- **Task prompt**: Copy exactly, beginning with the line holding "Минивэн Ford C-Max 2006 в Ровно" and ending with the final line of the data beneath this task; copy nothing else, and leave out every picture.

Data items
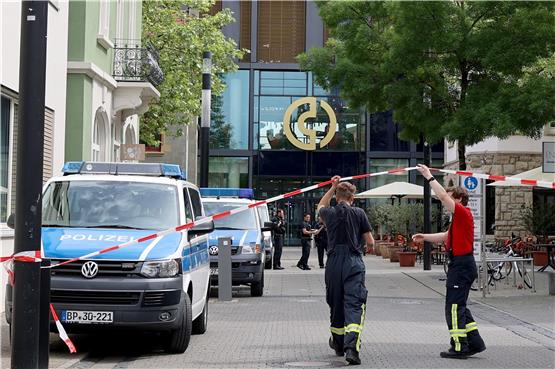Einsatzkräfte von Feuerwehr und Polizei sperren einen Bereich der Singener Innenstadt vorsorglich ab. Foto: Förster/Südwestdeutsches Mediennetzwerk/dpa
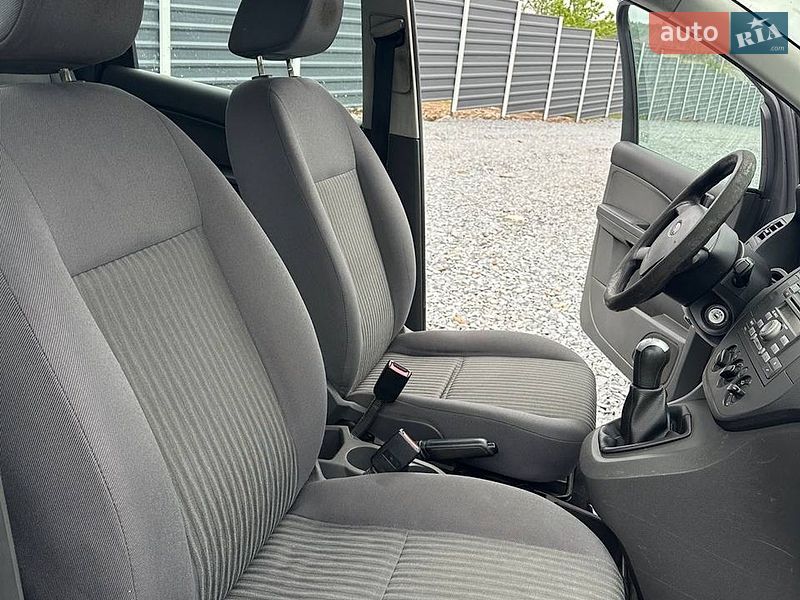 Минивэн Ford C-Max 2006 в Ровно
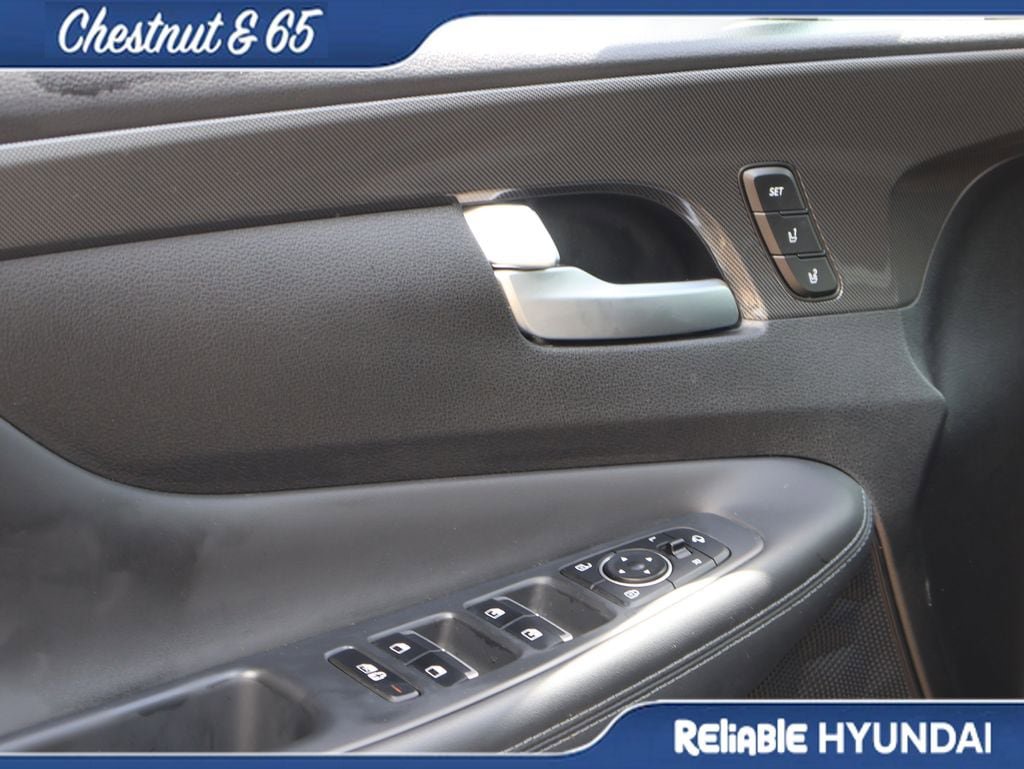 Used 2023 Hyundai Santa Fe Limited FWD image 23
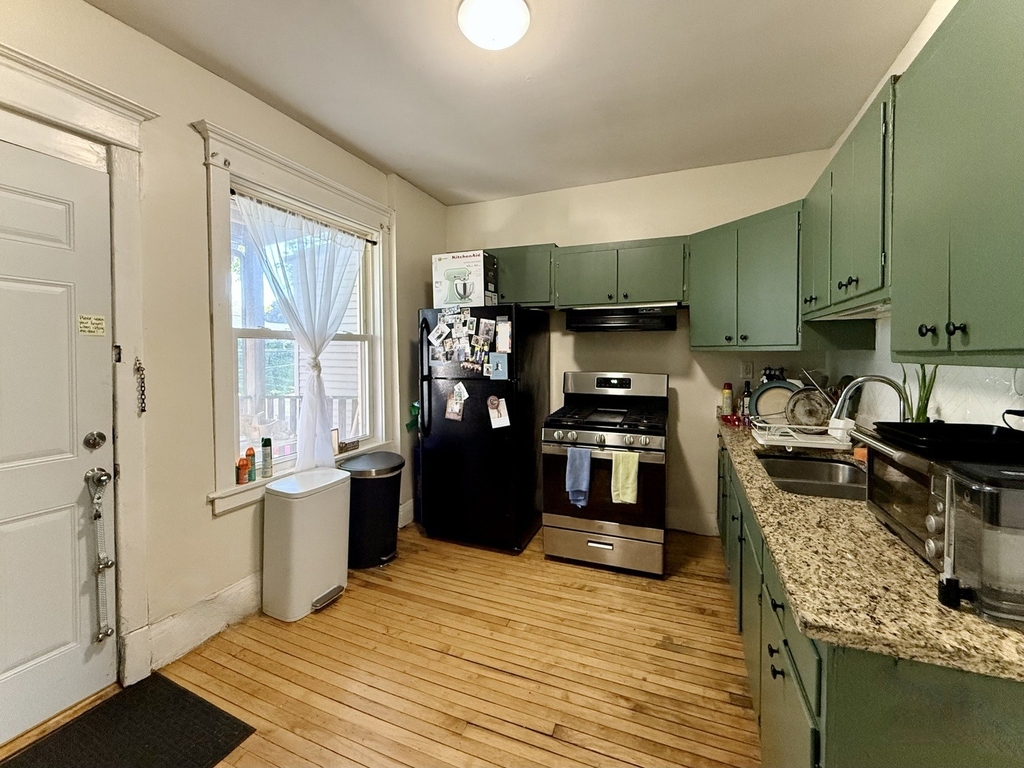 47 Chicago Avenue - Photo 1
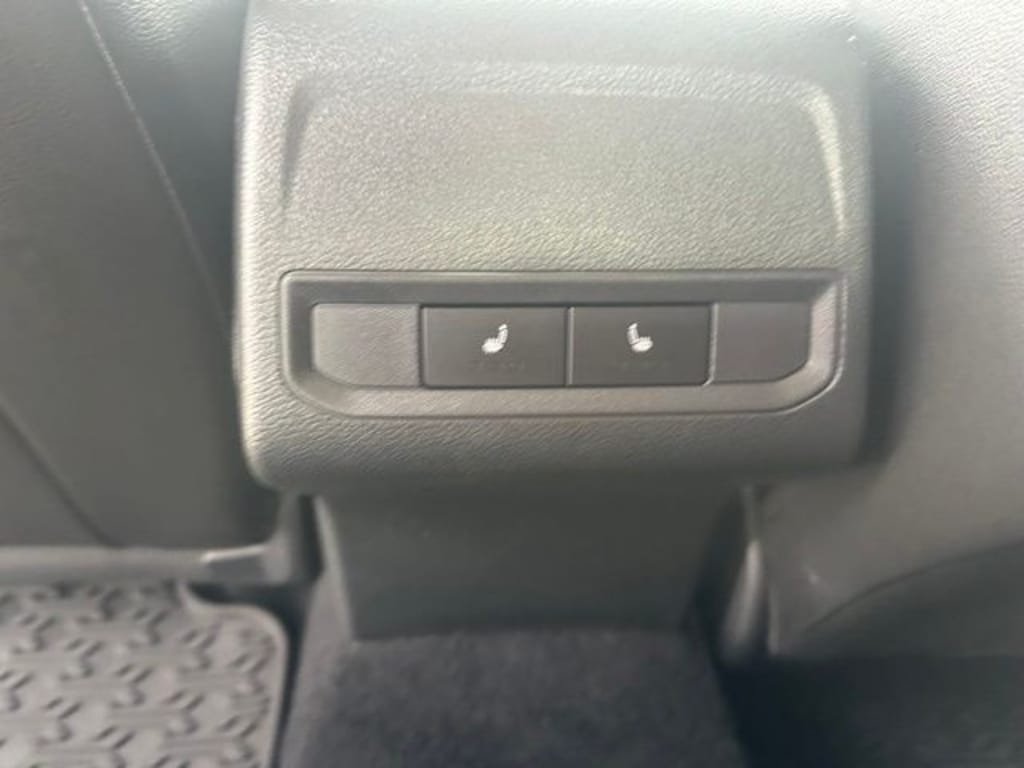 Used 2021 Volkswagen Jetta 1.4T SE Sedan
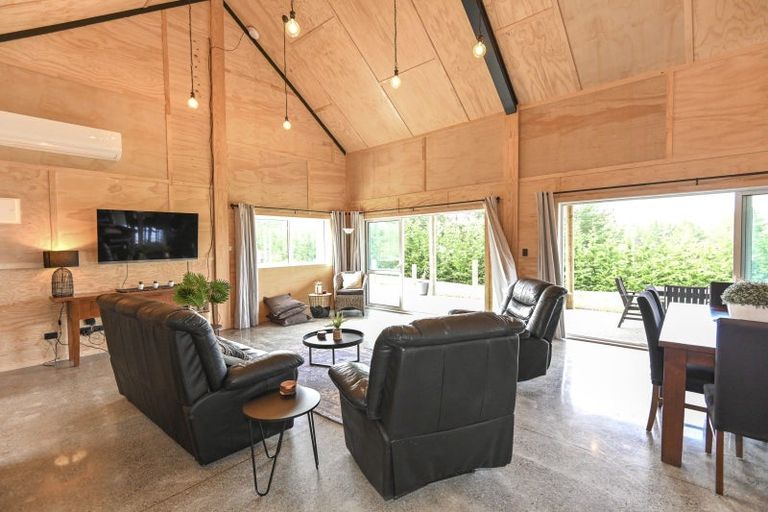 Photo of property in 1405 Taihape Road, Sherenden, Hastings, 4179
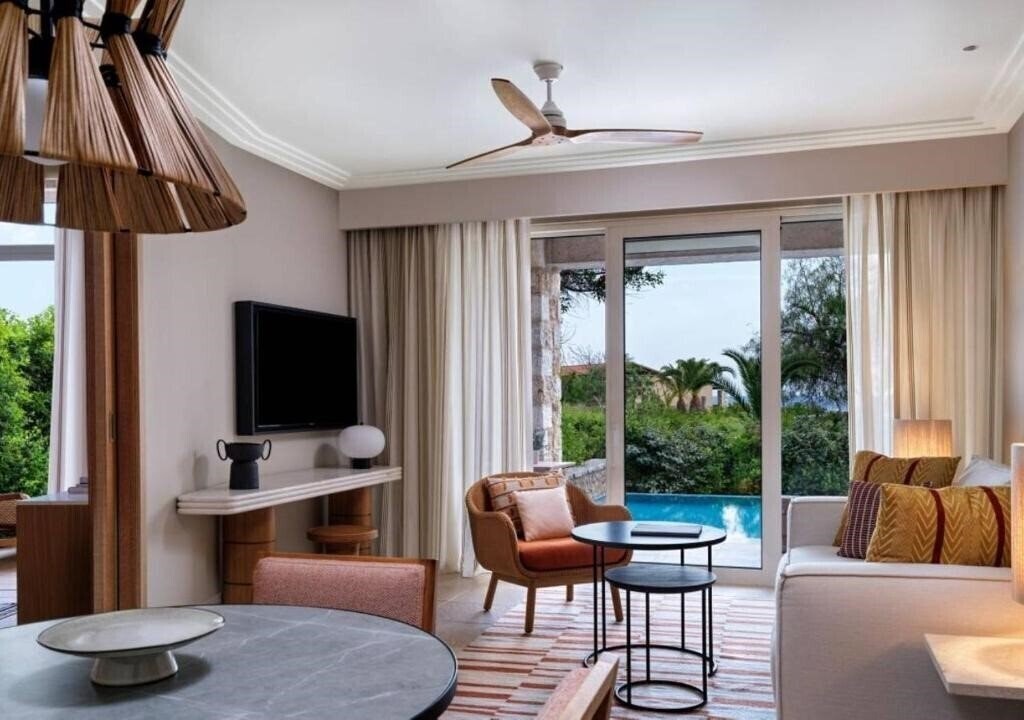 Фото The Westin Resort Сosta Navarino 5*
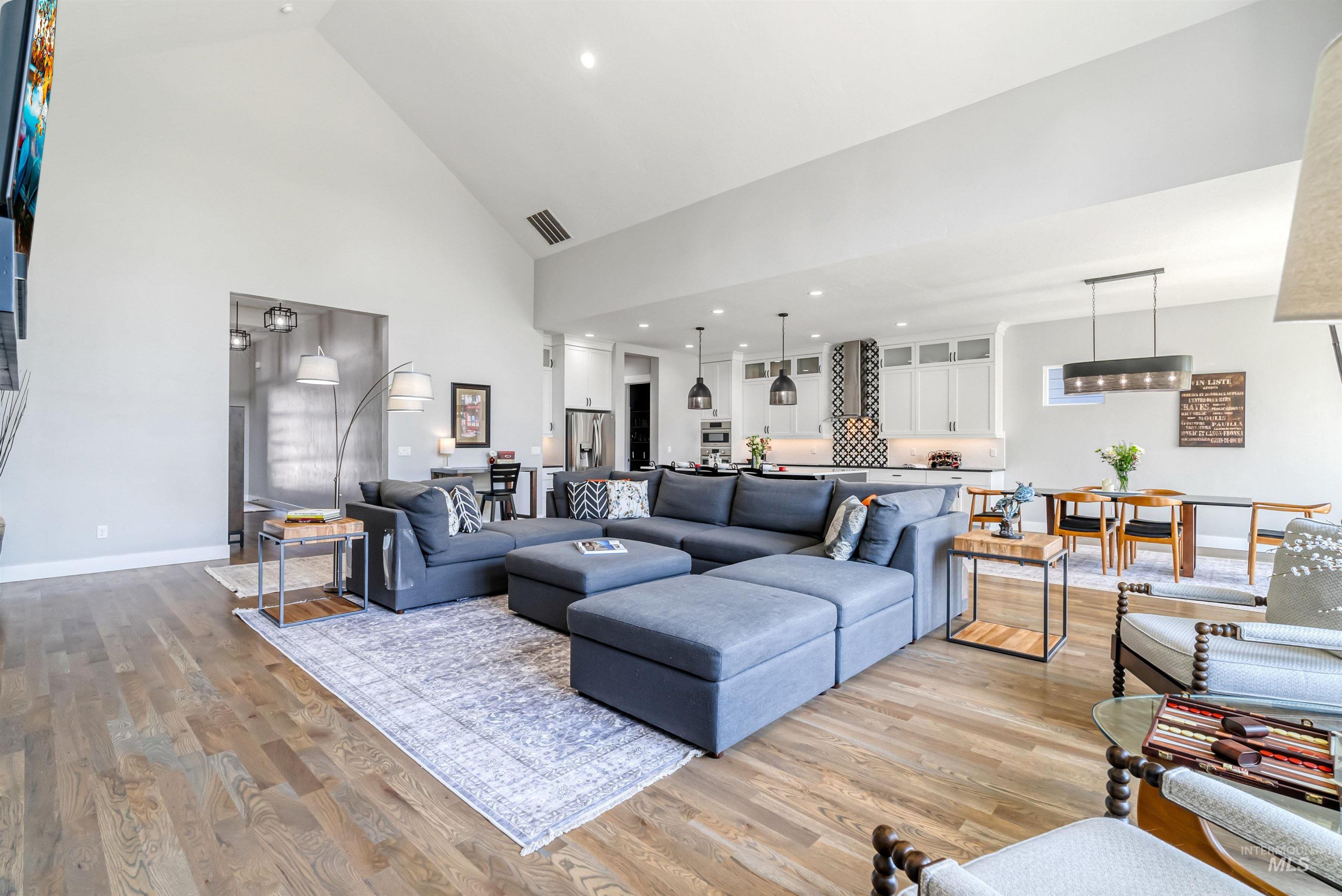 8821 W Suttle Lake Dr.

- **Exercise solution**:
 Минивэн Ford C-Max 2006 в Ровно
 Used 2023 Hyundai Santa Fe Limited FWD image 23
 47 Chicago Avenue - Photo 1
 Used 2021 Volkswagen Jetta 1.4T SE Sedan
 Photo of property in 1405 Taihape Road, Sherenden, Hastings, 4179
 Фото The Westin Resort Сosta Navarino 5*
 8821 W Suttle Lake Dr.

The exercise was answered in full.